You have stories that look at family relations or drift into science-fiction or the surreal…

“I tried to smuggle the mainstream writers a little bit into the series. In the Czech reviews some reviewers say that it’s less noir and less crime than they expected, but two reviews recently published in the USA appreciated that some of the stories are far from the crime genre.”

In the introduction you write about the reasons why there is not a big tradition of detective fiction in the Czech context.

“It’s because of the communist regime. We don’t have any private eyes, so in crime fiction only a policeman could resolve a crime or a murder. And the policeman was part of the regime ideology. So every policeman should be the good-looking one and he should solve the mystery with no problems. But the general tradition of crime fiction since Raymond Chandler is far different from this idealistic one…”

On the other hand, from today’s perspective the hero of a Czech detective story who is in the secret police is not a positive figure. So you could say that it is an interesting opportunity to write noir fiction with an anti-hero who is working with the regime.

Photo: Akashic Books
“Yes, today’s writers have this chance to find some story about the secret police, about the communist regime and so on, but it’s not the tradition. Our tradition is a bit conservative and based on the traditional English criminal novels and criminal style. So we lack the US tradition. Nobody could write like Chandler or Hammett or those great writers of the hardboiled school.”

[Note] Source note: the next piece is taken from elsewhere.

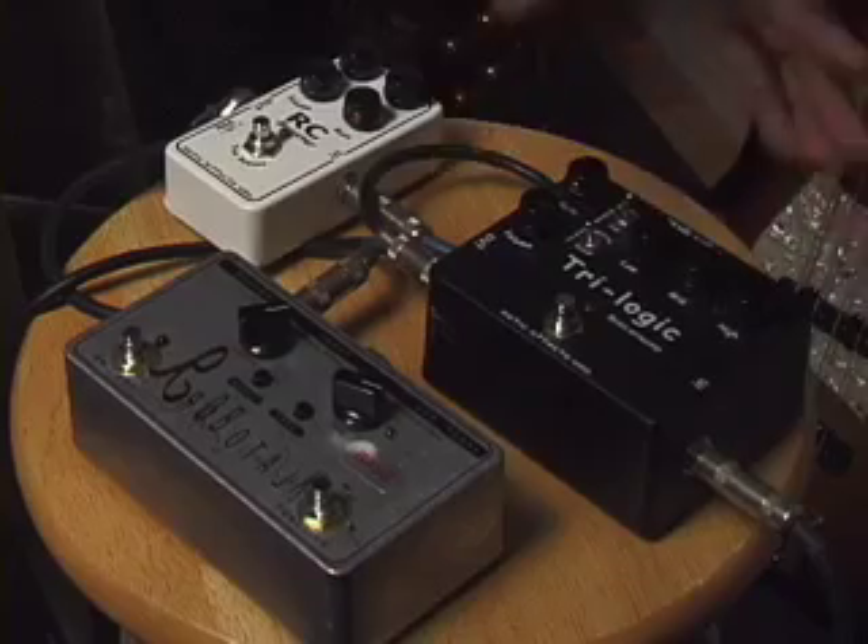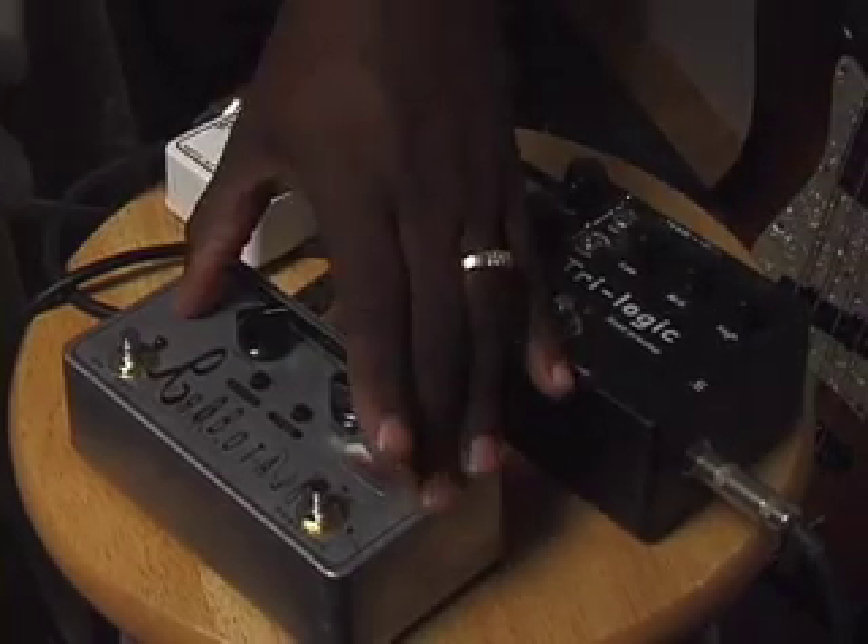So once again: Trilogic bass preamp, RC booster, and RoboTalk envelope follower and random arpeggiator, all from Exotic. I'm Larry Kempel. I love them — try them out. You'll love them too. Thanks a lot now.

And you also write in the introduction about the complexity of Czech history, with all the traumas of the twentieth century – the Second World War, the occupation, the Holocaust, the expulsion of the German minority – all these events which have coloured this country. They have a habit of making their way into these stories, which you wouldn’t really expect in detective fiction.

“I tried to explore the Prague past in the book. So there are four parts. One is typical, hardboiled crime short stories. The second one is about Prague mysteries, which is very strongly connected to Prague – Magic Prague and so on. The third one is about the Nazi occupation, the communist era and there is also a short story about the 1990s, the wildest years in Czech history, with many criminals and criminal plots. And in the last part there is not even a crime in the stories, but they are close.”

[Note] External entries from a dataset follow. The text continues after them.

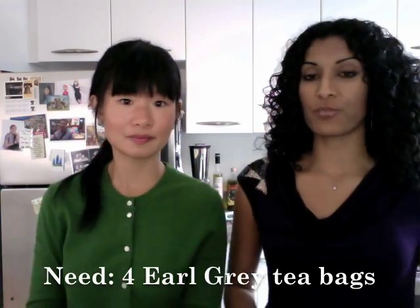Now we're going to add the flavor. If it's a dry flavoring, you add it to the flour and the salt. Today we are going to make Earl Grey tea shortbread cookies.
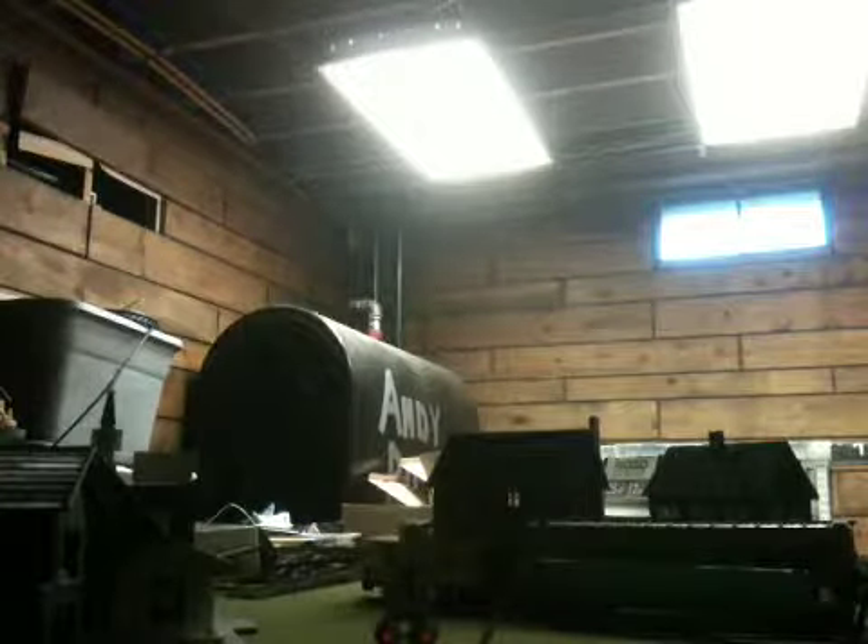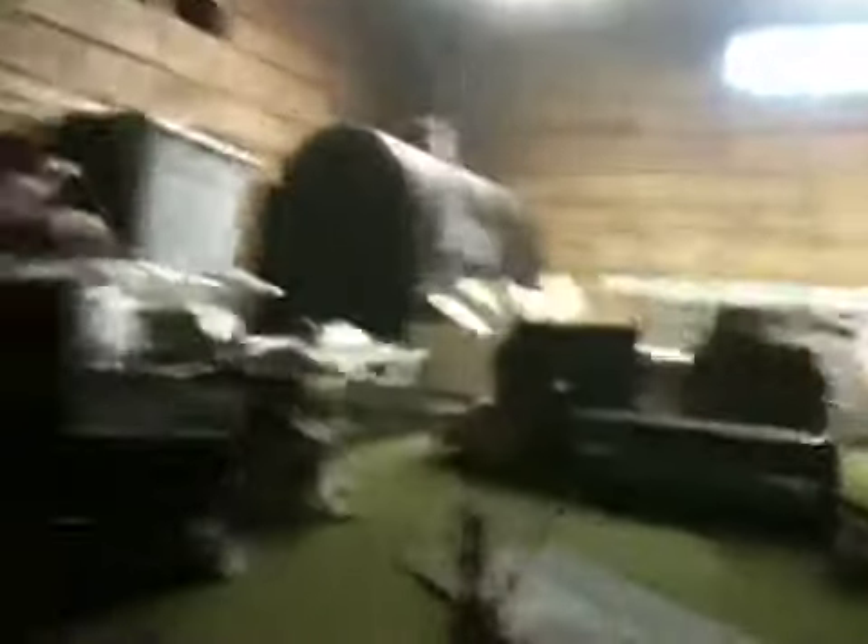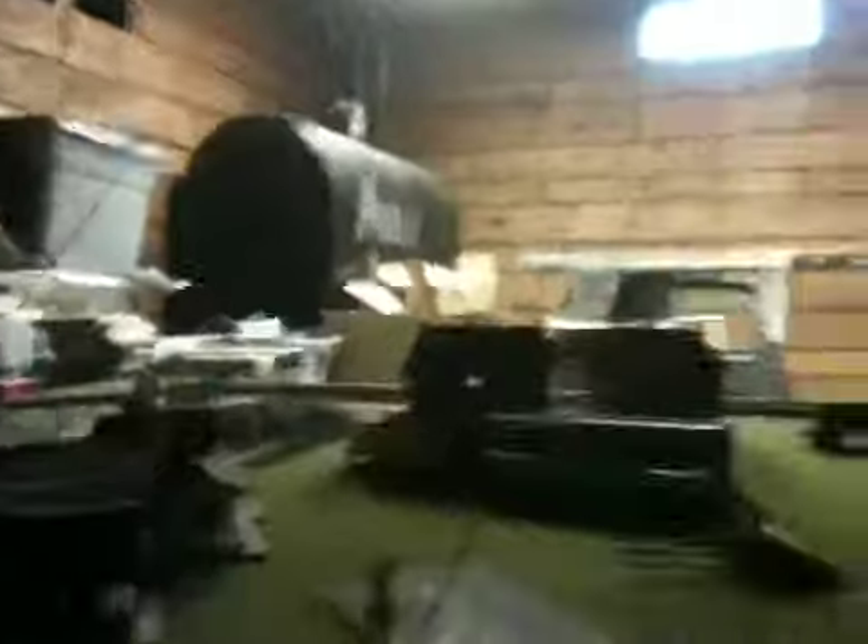I'll give you a little demo of the crossing gates in one second. These are MTH crossing guards — they're really, really good. I've got all my controls and stuff under here. Right here I can switch the track.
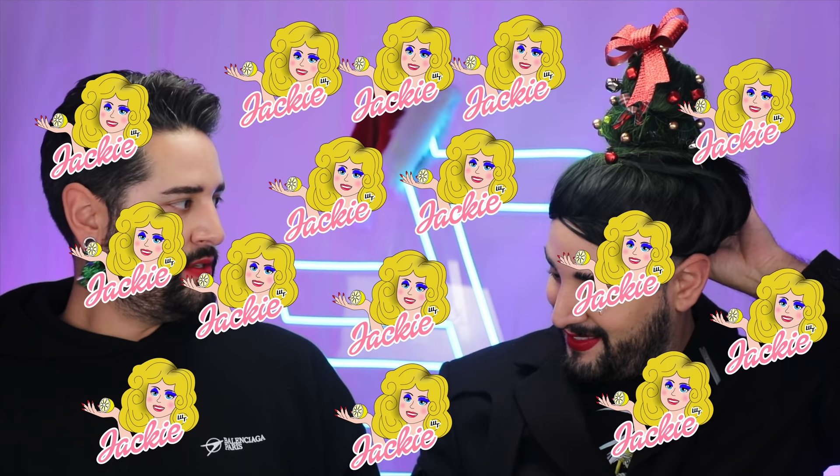How many Jackies? Five. I'm going to give it a five. I love it. Seven. Fifteen. Twenty-one.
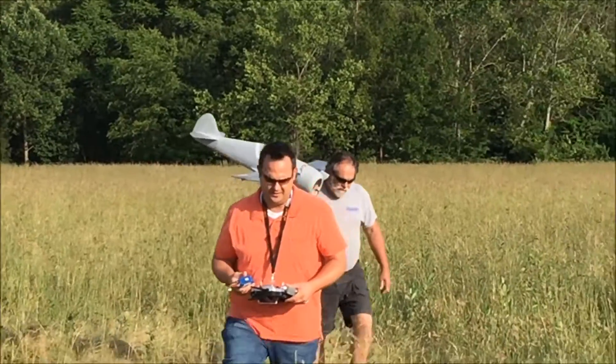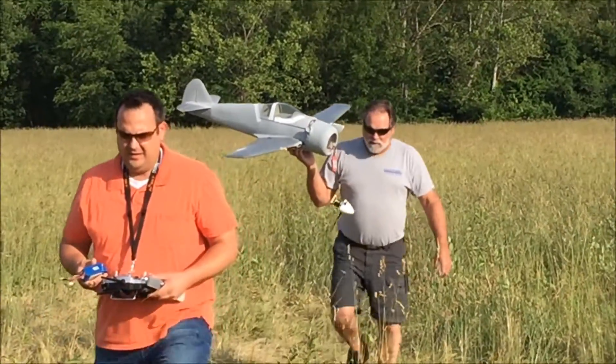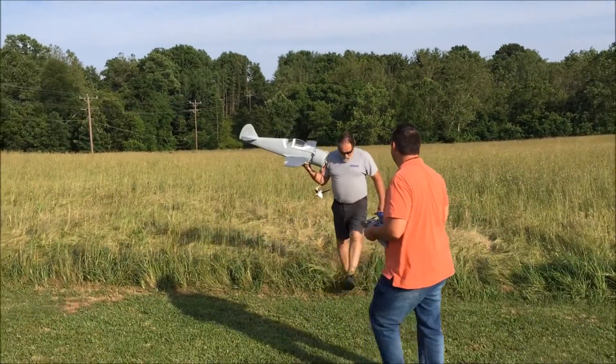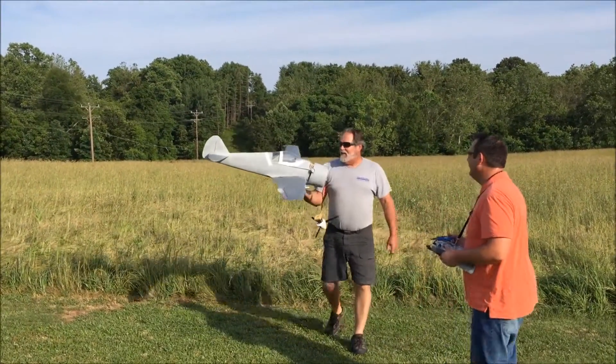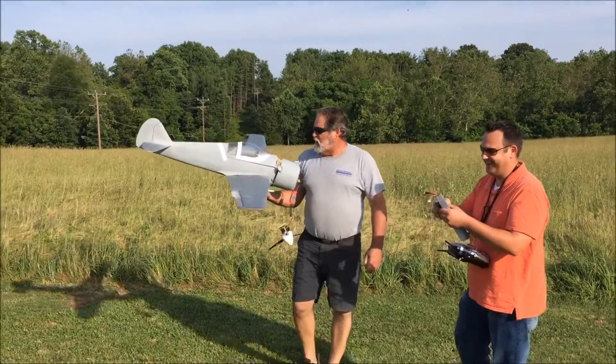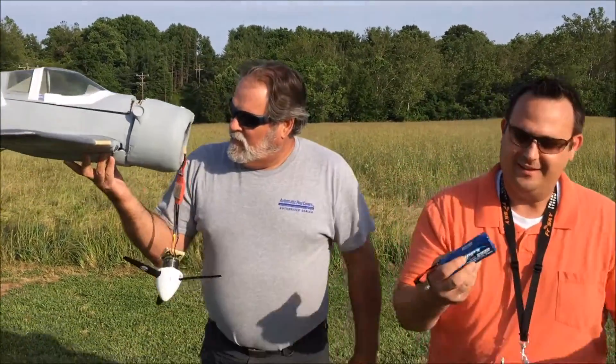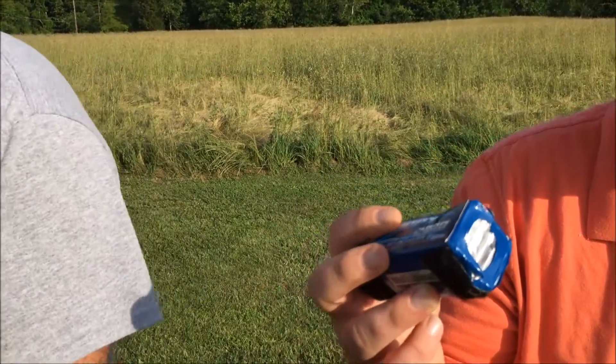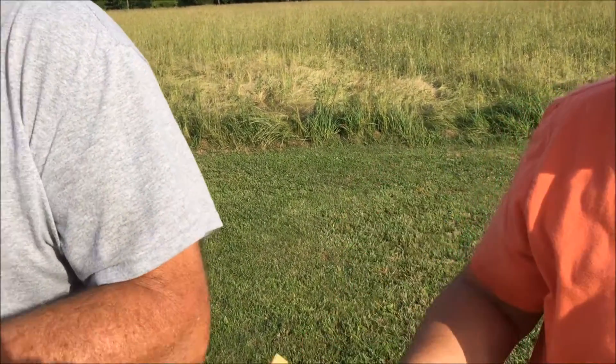The front end's a little busted up. Good thing it's got that big bumper cowl on it. I got some packing tape in the trailer if you want. I don't think that's going to do it, especially with the batteries all mangled. Yeah, that's a deal.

There are several stories that do very much evoke the atmosphere of Prague, drawing us into this old city.

“Many of the stories are strongly connected to a particular place in Prague, like the Charles Bridge in Miloš Urban’s story. But they’re not just stories about the city centre, but also about some places outside the city centre, like the former railroad station in Žižkov. It’s the variety of the stories that makes me happy – that every story’s different from the others.”

The variety of writers from different generations is also interesting, including well-known names, like Miloš Urban whose books have become bestsellers in several countries, Ondřej Neff who is a legend of Czech sci-fi and Chaim Cigan which is the pseudonym of the former Chief Rabbi of Prague – and still Chief Rabbi of the Czech Republic – Karol Sidon. Tell me about his story.

“It’s a kind of Jewish Hamlet during the Nazi occupation. I think it’s very moving, with a fine conclusion. The reviews in the United States particularly appreciated this story. So I’m happy that the international audience likes this one in particular.”

It was a magic amulet, inscribed by the learned Trnavian rabbi Šimon Sidon, Fred was saying, and the lives of many in his family had been saved thanks to the amulet, during both war and peace. According to him, even if Mom disagreed, it saved Max’s father’s life too during the First World War – he came back with no injury, which was a miracle. If only he’d had the amulet with him when the Gestapo took him, the poor man would have survived that war too! Mom kept shaking her head: “That’s ridiculous, Fred. […]” [Trans. Miriam Margala]

I’m now joined by one of the authors featured in the anthology, Kateřina Tučková. You wrote a story that is set just a few hundred metres from the Globe Bookstore, where we are standing now, on the embankment of the River Vltava.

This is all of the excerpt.